Eric Weynand, Founder

In accounting, the methods we use to record transactions are well-defined, and in many cases,  required by GAAP. However, some of these choices are left to our professional interpretation for our specific business model (e.g. FIFO vs. LIFO). In other cases, we adopt methods as required by a change in law. 

However we adopt the method, it sets the framework for how all future transactions must be recorded and can have a significant impact on financial reporting. That’s why you should audit your adopted methods to confirm accuracy, reliability, and determine if a method change is needed.  

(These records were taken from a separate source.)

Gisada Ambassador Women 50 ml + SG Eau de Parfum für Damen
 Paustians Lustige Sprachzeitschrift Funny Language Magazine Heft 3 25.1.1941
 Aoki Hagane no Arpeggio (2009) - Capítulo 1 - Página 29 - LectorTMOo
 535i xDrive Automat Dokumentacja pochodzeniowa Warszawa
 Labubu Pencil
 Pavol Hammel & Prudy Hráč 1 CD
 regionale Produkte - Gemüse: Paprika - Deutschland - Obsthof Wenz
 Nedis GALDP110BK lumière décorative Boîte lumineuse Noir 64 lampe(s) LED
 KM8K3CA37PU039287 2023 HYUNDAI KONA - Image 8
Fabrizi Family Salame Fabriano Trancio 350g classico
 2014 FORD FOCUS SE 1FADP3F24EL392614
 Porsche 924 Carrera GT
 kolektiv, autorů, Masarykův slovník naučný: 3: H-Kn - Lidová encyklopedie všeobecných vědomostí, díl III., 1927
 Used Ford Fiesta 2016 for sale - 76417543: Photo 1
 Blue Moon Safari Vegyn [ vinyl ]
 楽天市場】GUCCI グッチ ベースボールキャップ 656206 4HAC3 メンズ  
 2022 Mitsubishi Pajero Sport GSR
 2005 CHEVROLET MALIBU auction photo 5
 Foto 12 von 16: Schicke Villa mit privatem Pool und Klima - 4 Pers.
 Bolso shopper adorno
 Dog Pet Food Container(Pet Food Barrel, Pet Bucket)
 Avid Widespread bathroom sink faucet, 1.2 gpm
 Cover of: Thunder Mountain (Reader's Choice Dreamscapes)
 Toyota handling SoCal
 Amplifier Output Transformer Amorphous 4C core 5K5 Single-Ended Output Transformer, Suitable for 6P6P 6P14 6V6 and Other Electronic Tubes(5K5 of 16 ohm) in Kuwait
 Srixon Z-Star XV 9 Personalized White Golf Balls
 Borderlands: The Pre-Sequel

This year, there are a number of large accounting changes on the horizon that are prompting companies to review their methods. Here are our top 3 changes for you to consider this year: 

  1. New Revenue Recognition Standard – For private companies, this will take effect for years after 12/15/18. While it sounds like you have plenty of time to review this, consider that you will want 2018 data to compare to 2019 financials, so many companies will  complete two sets of books in years prior to large changes such as this. That means you’ll need to complete your review, establish your new method, implement the proper tracking and reporting systems, and more – all by the end of this year. Now you see why we recommend to start looking at this sooner than later. 
  2. Depreciation – It’s fairly common for companies to need a review of their depreciation records, and there is typically room for improvement. It’s best to complete a full analysis and ensure all records are accurate, the correct depreciation methods are applied to each category of assets, bonus depreciation and basis is properly recorded for tax purposes, and more. Depending on the number of assets placed in service, this can be a large project. However, accurate records can save you time (and money) during reporting and tax season. Try to complete the analysis on a regular basis to make sure recording systems are working properly and that depreciation is accurate.
  3. Rentals & Leases – Leases have complex rules (operating vs. capital leases and tenant improvement allowances, for example) and it’s easy to adopt an incorrect method. If you haven’t reviewed your contracts, it’s worth brushing up on the rules and then combing through the details to make sure you’re using the correct method. Also, pay special attention to related-party leases, as there are large changes required here as well.